- [PROVIDED RECORDS]:
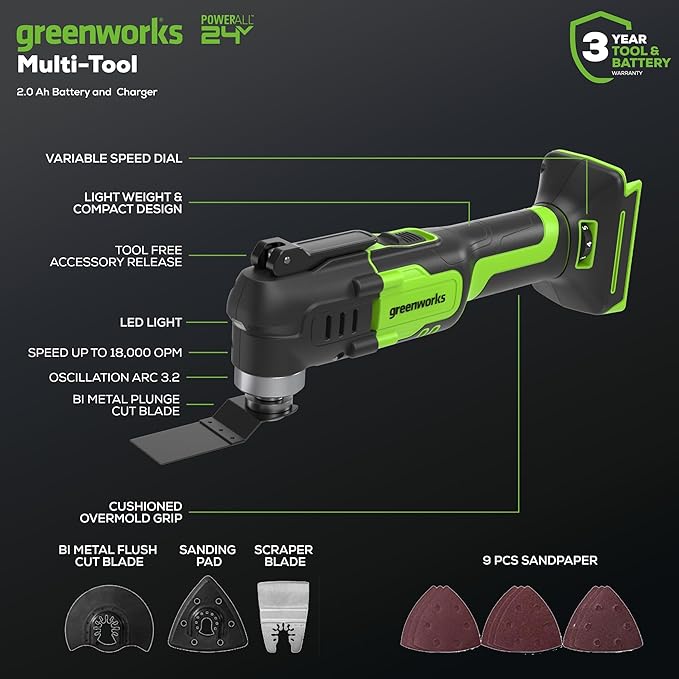 Greenworks 24V 3-pcs Combo Kit: 1950 in-lbs Impact Driver, 310 in./lbs Drill Driver, Multi-Tool, Includes 2 * 2.0Ah and Charger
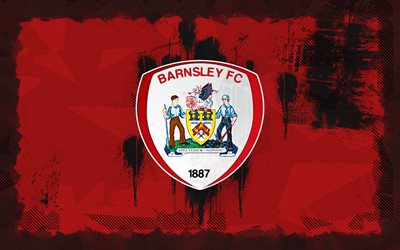barnsley fc grunge logosu, 4k, birinci lig, kırmızı grunge arka plan, futbol, barnsley fc amblemi, barnsley fc logosu, barnsley fc, ingiliz futbol kulübü, fc barnsley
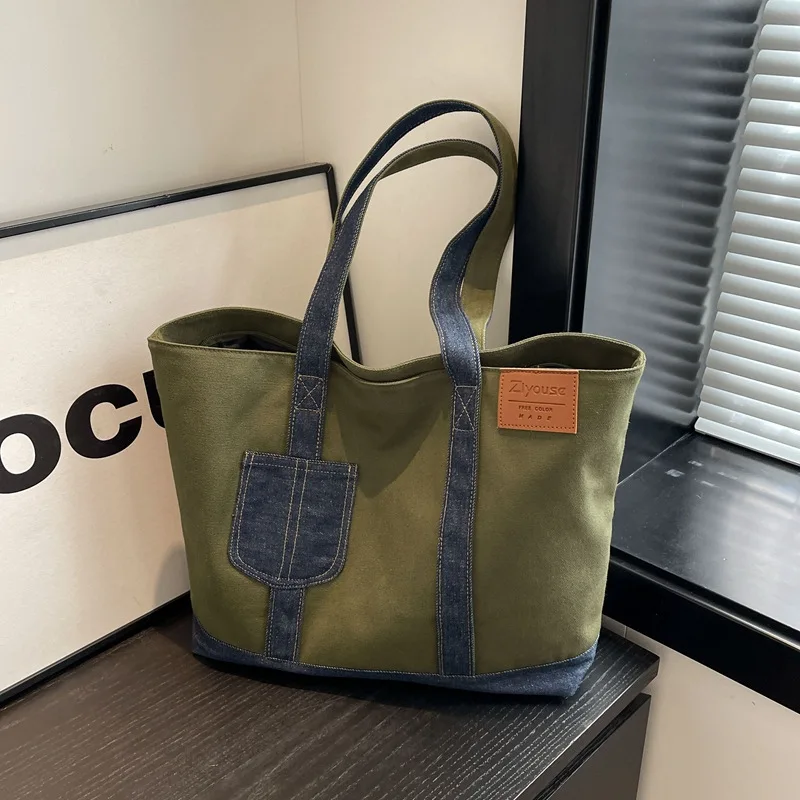 Bolso de hombro de gran capacidad para mujer, bolsa de almacenamiento de lona, estilo Preppy, ocio, Compras, Viajes, calle, moda, combina con todo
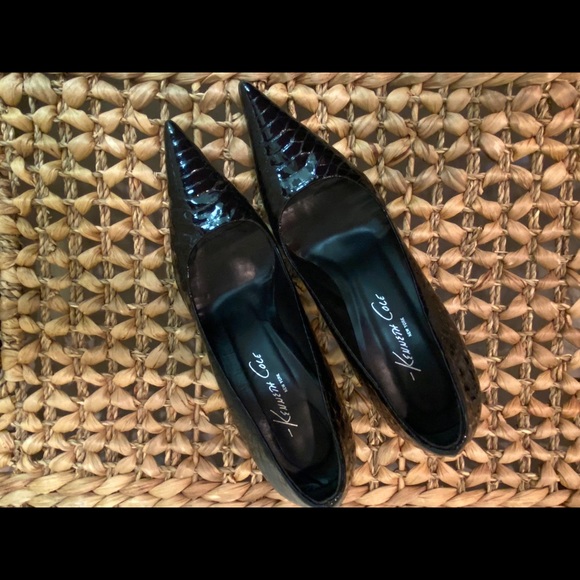 Kenneth Cole black patent leather alligator print - Picture 7 of 12
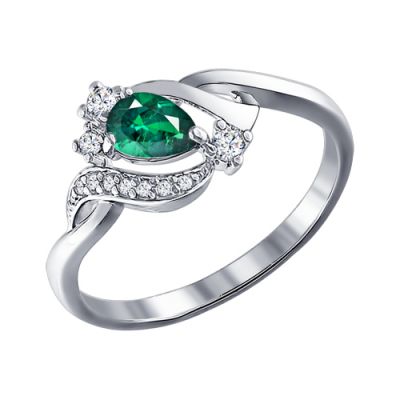 Изящное кольцо из серебра с зеленым фианитом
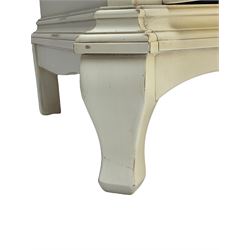 French design cream painted armoire wardrobe, shaped top with shell and flower head pediment, enclosed by two mirror glazed doors, the base fitted with single drawer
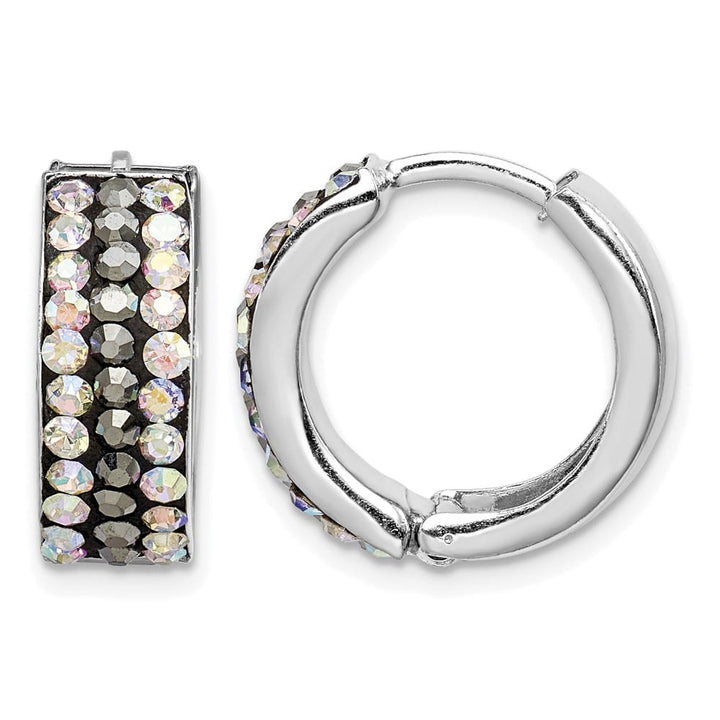 Sterling Silver Grey/Rainbow Preciosa Hinged Hoop Earrings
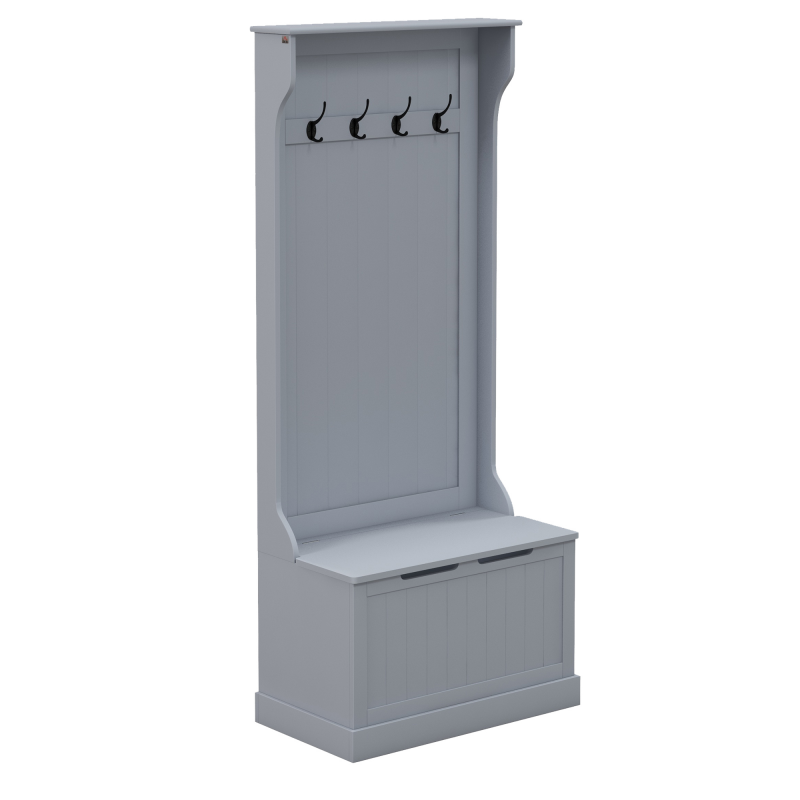 HOMCOM 3-in-1 Garderobenständer mit Schuhbank, Platzsparender Bodengarderobe mit 4 Haken und Sitzbank, aus MDF, für Flur, Schlafzimmer, 71,5x39,5x170 cm, Grau Aosom – Bild 1 von 2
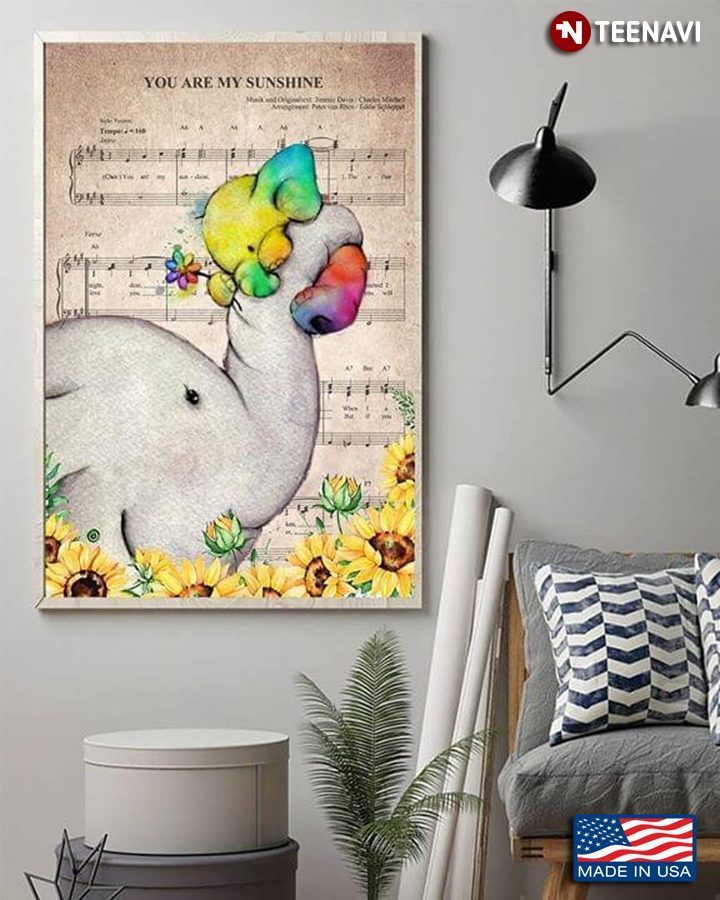 Sheet Music LGBT Elephant Parent & Baby With Sunflowers You Are My SunshineShirt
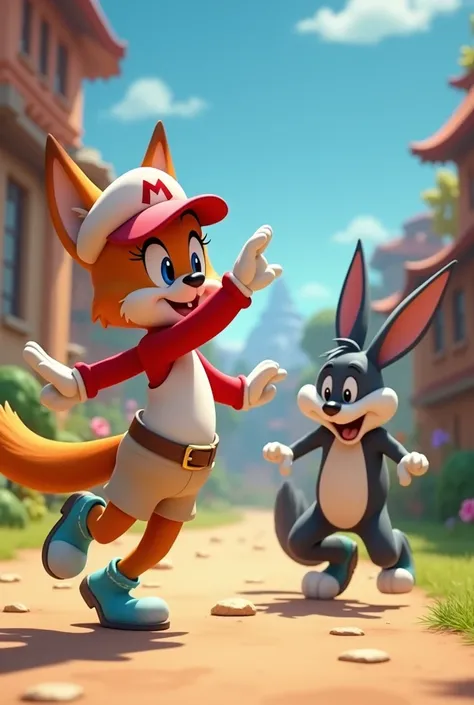 Create something animated style Looney tunes a fox with a Mario cap but that in the white part he puts a white shirt with long red sleeves, a flesh-colored shorts with a belt and light blue shoes being teased by a wolf.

- [EXERCISE AIM]: From the listing, extract all text exactly as given and drop any picture.

- [RESULT OF THIS TASK]:
 Greenworks 24V 3-pcs Combo Kit: 1950 in-lbs Impact Driver, 310 in./lbs Drill Driver, Multi-Tool, Includes 2 * 2.0Ah and Charger
barnsley fc grunge logosu, 4k, birinci lig, kırmızı grunge arka plan, futbol, barnsley fc amblemi, barnsley fc logosu, barnsley fc, ingiliz futbol kulübü, fc barnsley
 Bolso de hombro de gran capacidad para mujer, bolsa de almacenamiento de lona, estilo Preppy, ocio, Compras, Viajes, calle, moda, combina con todo
 Kenneth Cole black patent leather alligator print - Picture 7 of 12
 Изящное кольцо из серебра с зеленым фианитом
 French design cream painted armoire wardrobe, shaped top with shell and flower head pediment, enclosed by two mirror glazed doors, the base fitted with single drawer
 Sterling Silver Grey/Rainbow Preciosa Hinged Hoop Earrings
 HOMCOM 3-in-1 Garderobenständer mit Schuhbank, Platzsparender Bodengarderobe mit 4 Haken und Sitzbank, aus MDF, für Flur, Schlafzimmer, 71,5x39,5x170 cm, Grau Aosom – Bild 1 von 2
 Sheet Music LGBT Elephant Parent & Baby With Sunflowers You Are My SunshineShirt
 Create something animated style Looney tunes a fox with a Mario cap but that in the white part he puts a white shirt with long red sleeves, a flesh-colored shorts with a belt and light blue shoes being teased by a wolf.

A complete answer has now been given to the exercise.